Diese Geschichte ist doch völlig verdreht! Entweder man schreibt ein Märchen, meinetwegen ein Evangelium, dann muß der Peter den anderen Bub retten, oder man läßt das. Reinhupfen für nix und wieder nix – ich bezweifle, dass das bei den starken Buben großen Eindruck macht. Ich würde eher erwarten, dass sie sagen: „so ein Depp!“ Und ich bin mir auch nicht sicher, ob sie reinspringen würden, um ihn zu retten. Aber das mag ein dumme Spekulation eines frustrierten und verbitterten Geistes sein. Trotzdem: wenn schon, sollte man dann bei einer solchen Geschichte nicht weit ausholen und hoch ansetzen? Das heißt, dem Peter die Rettung gelingen lassen? Oder sie tragisch beenden! Das da ist weder das eine, noch das andere. Mir kommt sie sehr phantastisch und ausgedacht vor und letztlich sind doch alle brav.

Ich kann mich aber noch erinnern, welcher Schock es für mich als Kind war, als ich auf diese Geschichte gestoßen bin. Abgesehen davon, dass ich nicht der Kleinste in der Klasse war, hat die Beschreibung des Peter auf mich zu hundert Prozent zugetroffen! Und jetzt heißt er noch so wie ich! Mir ist vorgekommen, als wäre damit mein Charakter schon vor ewigen und für ewige Zeiten im Großen Buch festgeschrieben. Welche Scham, so aufgedeckt zu werden. Und noch schlimmer: ich traute mir nicht zu, reinzuspringen um den andern retten zu wollen. Dann waren da noch die spöttischen und verächtlichen Anmerkungen meines Vaters dazu, der meinen Schrecken – wie es der Teufel will, war er dabei – genau mitbekommen hat. Ich konnte es nicht einmal unbemerkt mit mir selber ausmachen.

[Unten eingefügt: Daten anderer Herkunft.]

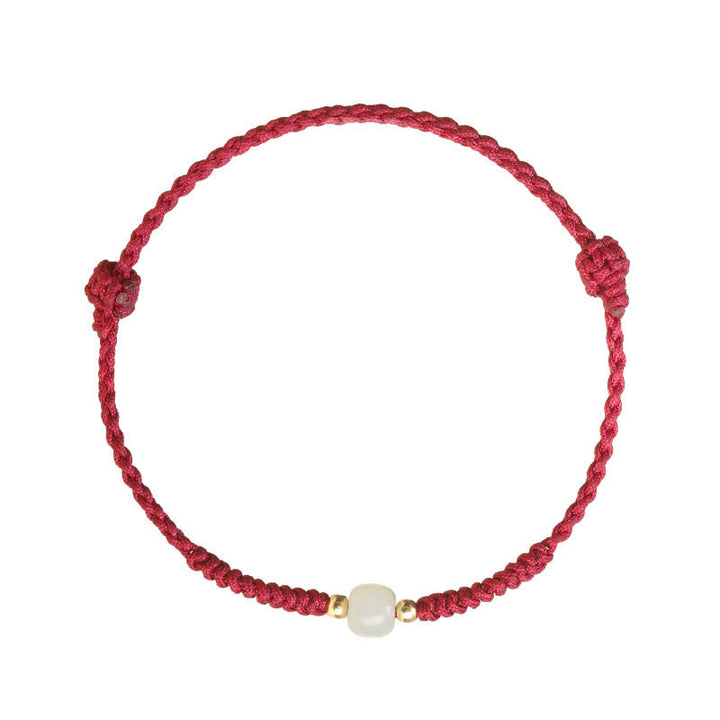 Bracelet tressé en perles de jade porte-bonheur fabriquées à la main par Buddha Stones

Es fehlt in der Geschichte ja auch jede Andeutung, was die Qualitäten eines solchen Kindes sein könnten – der rustikale Wertekanon mit seinen strukturell notwendigen Übergriffen und Menschenopfern (Sündenböcke; Mobbing, Mühlviertler Hasenjagd) bleibt unangetastet.
Aber ich will es andeuten. Das hat jetzt mit dieser Geschichte nichts mehr zu tun, sondern mit meiner kindlichen Frömmigkeit damals: irgendwo hatte ich gelesen – vielleicht in einem Beichtspiegel – dass man seine Gedanken beherrschen lernen kann. Und wer jetzt glaubt, es kommt eine fürchterliche Geschichte von Schuldgefühlen und moralischer Quälerei, irrt. An diesem Punkt nicht. Im Gegenteil: ich habe es als Volksschulkind ohne spirituelle Unterstützung geschafft, wie ein buddhistischer Novize meine Tagträumereien, die ich bevorzugt am Abend vorm Einschlafen exzessiv veranstaltet hatte, abzustellen – aber eben ohne Selbsthass. Ich hatte verstanden, dass diese Tagträume meine Energien auf illusorischen Boden und auf Luftschlösser lenken, und mit einer unglaublichen Geduld meinen Kampf geführt. Ohne mich zu ärgern oder mich zu beschimpfen habe ich jedesmal, wenn ich dieser weltflüchtigen Sucht verfiel, den Gedankenfluß mit einem festen, inneren „Halt!“ gestoppt und mein Bewußtsein wieder herausgeführt. Und wenn es ein, zwei oder fünf Minuten später wieder losging, habe ich genauso sanft und konsequent nochmals von Neuem begonnen – bis ich mir das Tagträumen tatsächlich abgewöhnt hatte. Und ohne die Affenmetapher zu kennen. Was hätte aus mir werden können, wenn ich einen echten, kompetenten, weisen Begleiter für diese Bewußtseinsreise gehabt hätte!

Aber hatte ich nicht. Ein paar Jahre später bin ich dieser Sucht wieder von Neuem verfallen, und das hatte auch mit dem „bunten Buch“ zu tun. Das ist aber eine andere Geschichte.